The estimate used for the covariance matrix of the Wilcoxon statistics is

\[ \mb{V} = \sum _{i=1}^ k \left[ a_ i (1 - a_ i^*) (2\mb{z}_{(i)}\mb{z}_{(i)}^{\prime } + \mb{S}_ i) - (a_ i^* - a_ i) \left( a_ i \mb{x}_ i\mb{x}_ i^{\prime } + \sum _{j=i+1}^ k a_ j (\mb{x}_ i\mb{x}_ j^{\prime } + \mb{x}_ j\mb{x}_ i^{\prime }) \right) \right] \]

where

\begin{eqnarray*} a_ i & = & \prod _{j=1}^ i \frac{n_ j}{n_ j + 1} \\[0.05in] a_ i^* & = & \prod _{j=1}^ i \frac{n_ j + 1}{n_ j + 2} \\[0.05in] \Strong{S}_ i & = & \sum _{(\alpha :t_{(i+1)} > t_{\alpha } > t_{(i)})} \Strong{z}_{\alpha } \Strong{z}_{\alpha }^{\prime } \\[0.05in] \Strong{x}_ i & = & 2 \Strong{z}_{(i)} + \sum _{(\alpha :t_{(i+1)} > t_{\alpha } > t_{(i)})} \Strong{z}_{\alpha } \\ \end{eqnarray*}

In the case of tied failure times, the statistics $\mb{v}$ are averaged over the possible orderings of the tied failure times. The covariance matrices are also averaged over the tied failure times. Averaging the covariance matrices over the tied orderings produces functions with appropriate symmetries for the tied observations; however, the actual variances of the $\mb{v}$ statistics would be smaller than the preceding estimates. Unless the proportion of ties is large, it is unlikely that this will be a problem.

The univariate tests for each covariate are formed from each component of $\mb{v}$ and the corresponding diagonal element of $\mb{V}$ as $v_ i^2/V_{ii}$. These statistics are treated as coming from a chi-square distribution for calculation of probability values.

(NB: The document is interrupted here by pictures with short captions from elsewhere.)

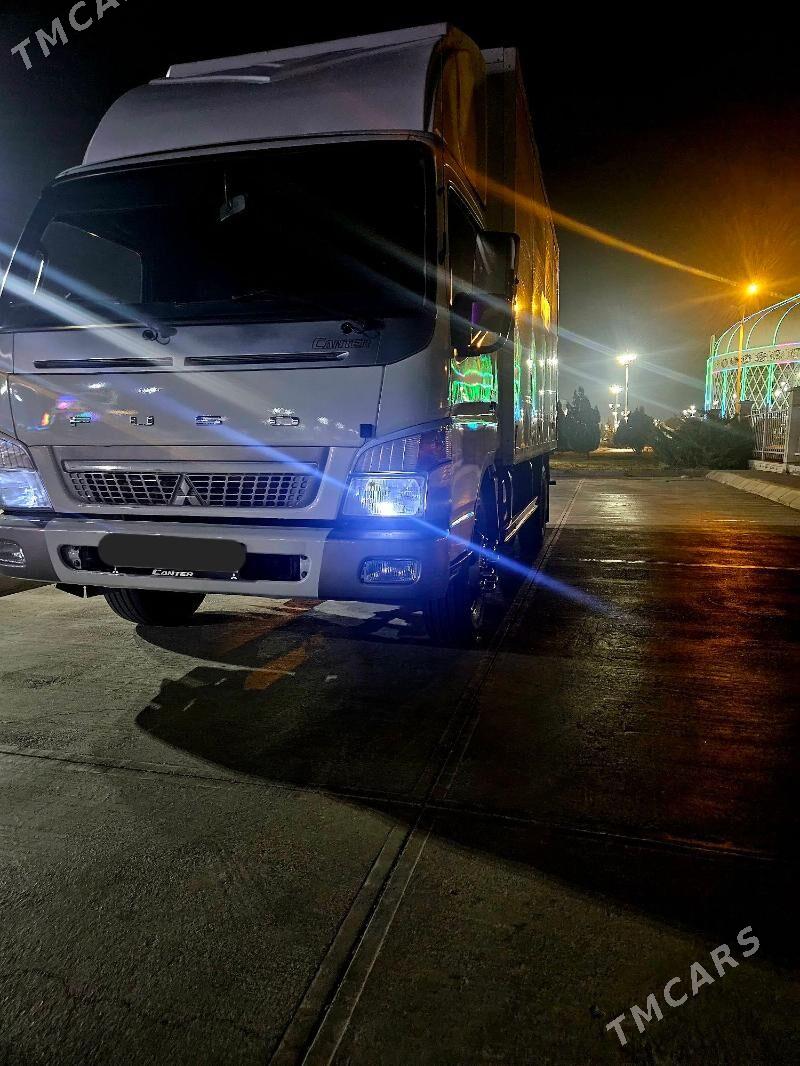 Mitsubishi Canter 2016 - 420 000 TMT - Туркменабат - img 7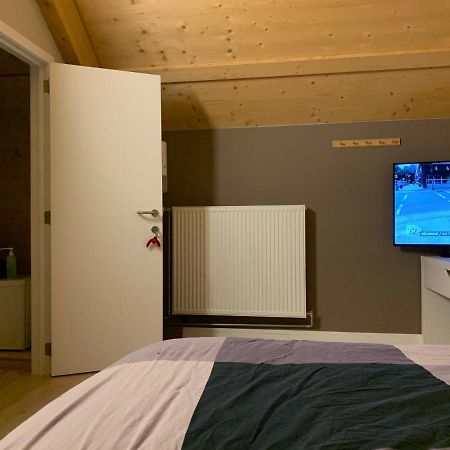 מוסקרון Ecolodge Zen Otra Cosa מראה חיצוני תמונה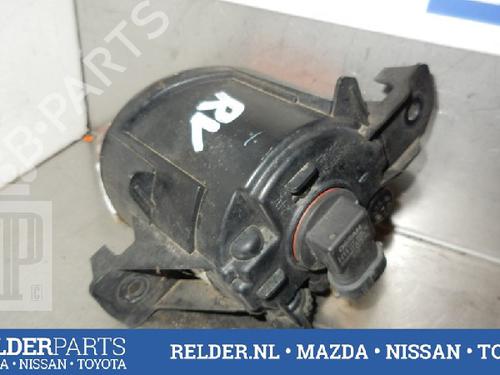 Right front fog light NISSAN PRIMERA Estate (WP12) 1.8 | BP22146450C31 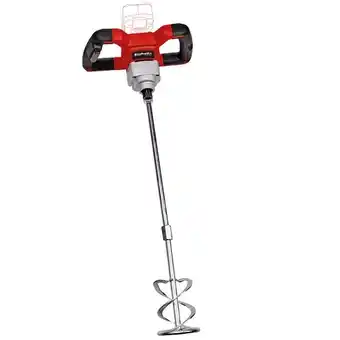 Hellweg Farb-/Mörtelrührer „TE-MX 18 Li - Solo“ 138333 HELLWEG Angebot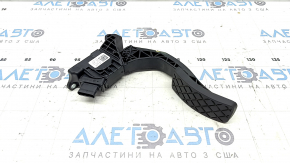 Педаль газу Porsche Cayenne 19-26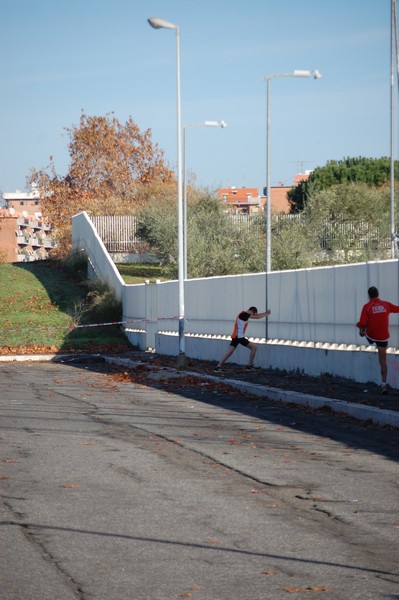Corri per il Parco Alessandrino (08/12/2011) 0017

The statistic $\mb{v^{\prime }V^{-}v}$ is computed by sweeping each pivot of the $\mb{V}$ matrix in the order of greatest increase to the statistic. The corresponding sequence of partial statistics is tabulated. Sequential increments for including a given covariate and the corresponding probabilities are also included in the same table. These probabilities are calculated as the tail probabilities of a chi-square distribution with one degree of freedom. Because of the selection process, these probabilities should not be interpreted as p-values.

If desired for data screening purposes, the output data set requested by the OUTTEST= option can be treated as a sum of squares and crossproducts matrix and processed by the REG procedure by using the option METHOD=RSQUARE. Then the sets of variables of a given size can be found that give the largest test statistics. Product-Limit Estimates and Tests of Association illustrates this process.